American writer (1912–1960)

John A. Lardner (May 4, 1912 – March 24, 1960) was an American sports writer, WWII war correspondent, and author. He was the son of Ring Lardner.

==Career==
Lardner attended Phillips Academy, graduating in 1929. After one year at Harvard, he left for the Sorbonne in Paris for a year, where he wrote for the International Herald Tribune. Never finishing his college degree, he elected instead to work for the New York Herald Tribune from 1931 onward, following in his father's path as a sports writer. Lardner wrote a weekly column for Newsweek called "Sport Week" until his death (he had been associated with the magazine since 1939). From 1933 to 1948, he was a sports columnist and war correspondent for the North American Newspaper Alliance.

He later became a war correspondent during World War II, dispatching from Europe and Africa. He also deployed with the first American troops to Australia in 1942, and wrote the book Southwest Passage, published in 1943, documenting that experience. In addition, he wrote for the Saturday Evening Post, The New Yorker, The New York Times Magazine, and Woman's Home Companion. Lardner also worked with his brother Ring Lardner Jr. on film projects and helped support his brother's family when Lardner Jr. was blacklisted by the Hollywood movie studios during the Red Scare of the late 1940s and 1950s. He served on the Peabody Awards Board of Jurors from 1959 to 1960. Lardner died of a heart attack in March 1960, after years of fighting tuberculosis.

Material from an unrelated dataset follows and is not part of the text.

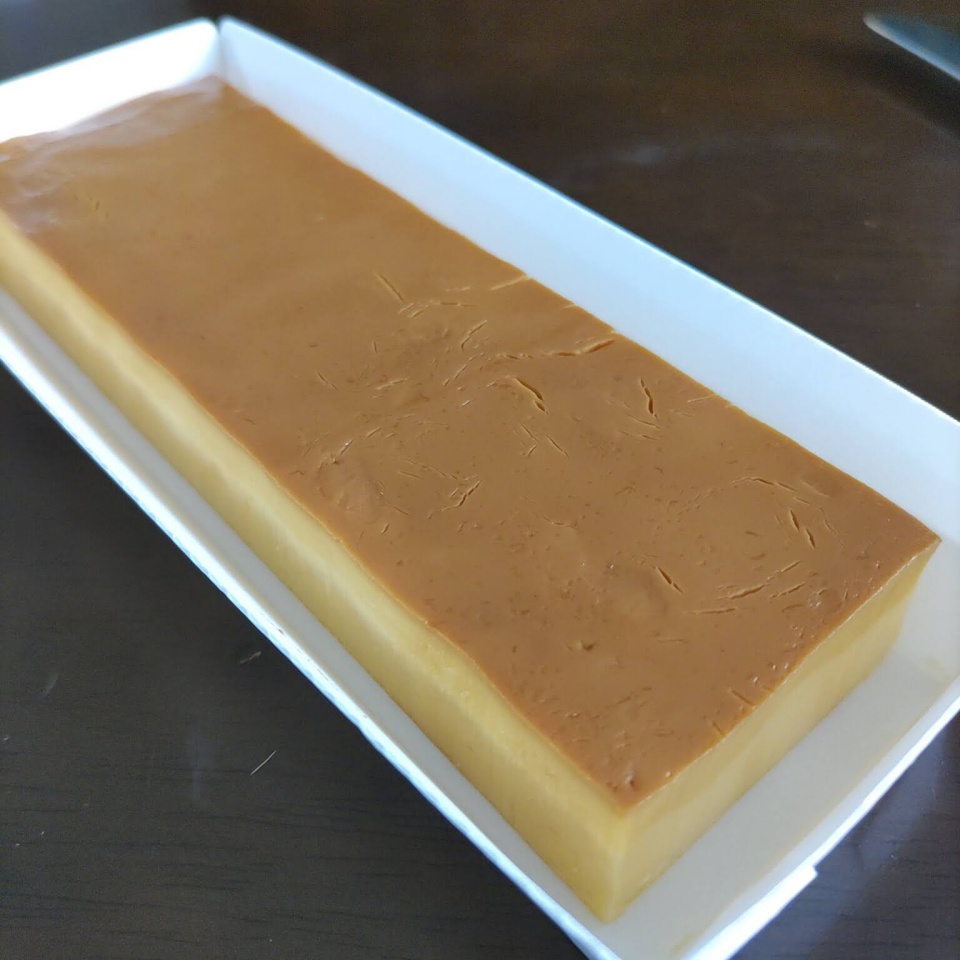 三和の純鶏名古屋コーチンたまごぷりんの写真。外観は、厚みのある帯のようでとてもプリンとは思えない。プリンに対する固定観念を打ち砕く独特な形をしている。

Subsequently his friend, the author Roger Kahn, gathered many of his pieces into a book, The World of John Lardner. Another friend, cartoonist Walt Kelly, designed the jacket and wrote a preface. Some of Lardner's work was collected into a 2010 book, The John Lardner Reader: A Press Box Legend's Classic Sportswriting, by sports writer John Schulian. Lardner's papers are located at the Newberry Library in Chicago.

==Personal life==
Lardner, the first son of Ring Lardner and his wife Ellis, was born in Chicago, where his father was writing for the Chicago Examiner. The family moved to the East Coast when he was seven, eventually settling on Long Island, where their friends and neighbors included Grantland Rice, Franklin Pierce Adams, and F. Scott Fitzgerald. He was married to Hazel Cannen Hairston and had four children.